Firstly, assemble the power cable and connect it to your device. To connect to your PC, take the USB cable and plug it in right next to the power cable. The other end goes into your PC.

────────

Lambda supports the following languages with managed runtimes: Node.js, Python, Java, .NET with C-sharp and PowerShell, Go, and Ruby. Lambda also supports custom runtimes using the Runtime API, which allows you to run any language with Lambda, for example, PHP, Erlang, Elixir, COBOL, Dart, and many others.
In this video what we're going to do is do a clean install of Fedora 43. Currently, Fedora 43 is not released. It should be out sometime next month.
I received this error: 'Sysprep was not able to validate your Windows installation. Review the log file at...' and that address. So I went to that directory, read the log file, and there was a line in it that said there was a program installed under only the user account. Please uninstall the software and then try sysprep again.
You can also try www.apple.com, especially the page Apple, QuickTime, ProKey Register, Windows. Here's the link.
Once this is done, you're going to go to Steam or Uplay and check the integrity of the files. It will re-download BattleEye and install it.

────────

WORK INSTRUCTIONS →
Copy word for word the stretch of entries above from the line that has "Lambda supports the" through the line that has "In this video", both ends included, and nothing outside it.

RESULT →
Lambda supports the following languages with managed runtimes: Node.js, Python, Java, .NET with C-sharp and PowerShell, Go, and Ruby. Lambda also supports custom runtimes using the Runtime API, which allows you to run any language with Lambda, for example, PHP, Erlang, Elixir, COBOL, Dart, and many others.
In this video what we're going to do is do a clean install of Fedora 43. Currently, Fedora 43 is not released. It should be out sometime next month.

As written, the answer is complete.